Le Tribunal administratif de Melun a examiné la requête de M. C..., ressortissant roumain et moldave, contestant un arrêté préfectoral du 12 septembre 2025 l'obligeant à quitter le territoire français sans délai, fixant le pays de destination et prononçant une interdiction de retour de cinq ans. Le tribunal a jugé que la décision d'obligation de quitter le territoire français, initialement fondée sur l'article L. 611-1 du code de l'entrée et du séjour des étrangers et du droit d'asile (CESEDA) inapplicable aux citoyens de l'UE, pouvait être légalement substituée par le 1° de l'article L. 251-1 du même code, relatif aux mesures d'éloignement pour menace à l'ordre public. Après avoir vérifié que M. C... représentait une menace réelle et actuelle pour l'ordre public, le tribunal a rejeté l'ensemble de ses demandes, confirmant la légalité de l'arrêté attaqué.
Le Tribunal administratif de Melun, saisi en référé suspension sur le fondement de l'article L. 521-1 du code de justice administrative par M. B..., un ressortissant marocain, a constaté un non-lieu à statuer. Le requérant contestait le refus de délivrance d'un récépissé suite à sa demande de titre de séjour "recherche d'emploi – création d'entreprise". En cours d'instance, le préfet du Val-de-Marne a informé l'intéressé de la mise en fabrication de sa carte de séjour et lui a délivré une attestation de régularité de séjour l'autorisant à travailler. Le juge a donc estimé que les conclusions à fin de suspension étaient devenues sans objet et a mis à la charge de l'État la somme de 800 euros au titre des frais irrépétibles.
Le Tribunal administratif de Melun a été saisi par M. A... d’une demande de modification d’une précédente ordonnance du 20 mai 2025, qui enjoignait au préfet du Val-de-Marne de réexaminer sa demande de titre de séjour et de lui délivrer un récépissé. Le requérant s’est désisté de ses conclusions après que le préfet lui a finalement remis un récépissé de demande de carte de séjour. Le juge des référés a donné acte de ce désistement et a condamné l’État à verser 1 500 euros à M. A... au titre des frais de justice, sur le fondement de l’article L. 761-1 du code de justice administrative.
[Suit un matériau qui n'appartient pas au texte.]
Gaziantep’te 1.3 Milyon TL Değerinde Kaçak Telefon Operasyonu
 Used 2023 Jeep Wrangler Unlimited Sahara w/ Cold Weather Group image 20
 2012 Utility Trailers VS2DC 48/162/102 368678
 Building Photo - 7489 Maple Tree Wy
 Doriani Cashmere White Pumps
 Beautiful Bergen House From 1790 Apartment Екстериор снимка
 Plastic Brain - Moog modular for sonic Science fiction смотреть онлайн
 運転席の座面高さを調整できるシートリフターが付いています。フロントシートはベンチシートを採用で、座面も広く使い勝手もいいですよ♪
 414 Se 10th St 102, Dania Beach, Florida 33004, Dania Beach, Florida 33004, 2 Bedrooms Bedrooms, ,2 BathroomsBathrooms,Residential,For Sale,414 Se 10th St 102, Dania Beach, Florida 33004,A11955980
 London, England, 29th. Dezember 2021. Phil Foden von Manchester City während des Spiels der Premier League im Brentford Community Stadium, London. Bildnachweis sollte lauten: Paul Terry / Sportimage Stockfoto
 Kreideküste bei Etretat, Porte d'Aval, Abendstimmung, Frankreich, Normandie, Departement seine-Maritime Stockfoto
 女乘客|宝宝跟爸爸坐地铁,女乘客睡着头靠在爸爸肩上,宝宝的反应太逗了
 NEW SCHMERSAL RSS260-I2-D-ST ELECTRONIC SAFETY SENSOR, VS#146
Le Tribunal administratif de Melun, statuant en référé sur le fondement de l'article L. 521-1 du code de justice administrative, a rejeté la requête de M. A..., ressortissant béninois, qui demandait la suspension de la décision du préfet de Seine-et-Marne refusant de lui délivrer un titre de séjour en qualité de salarié. Le juge a estimé que la condition d'urgence n'était pas remplie, car le requérant n'avait pas démontré que l'absence de titre de séjour le plaçait dans une situation de précarité imminente, notamment en raison de l'absence d'autorisation de travail valide à la date de la décision contestée. Les moyens soulevés, tirés de l'erreur de droit et du défaut d'examen, n'ont pas été jugés de nature à créer un doute sérieux sur la légalité de la décision. La demande d'injonction et celle au titre de l'article L. 761-1 du code de justice administrative ont été rejetées par voie de conséquence.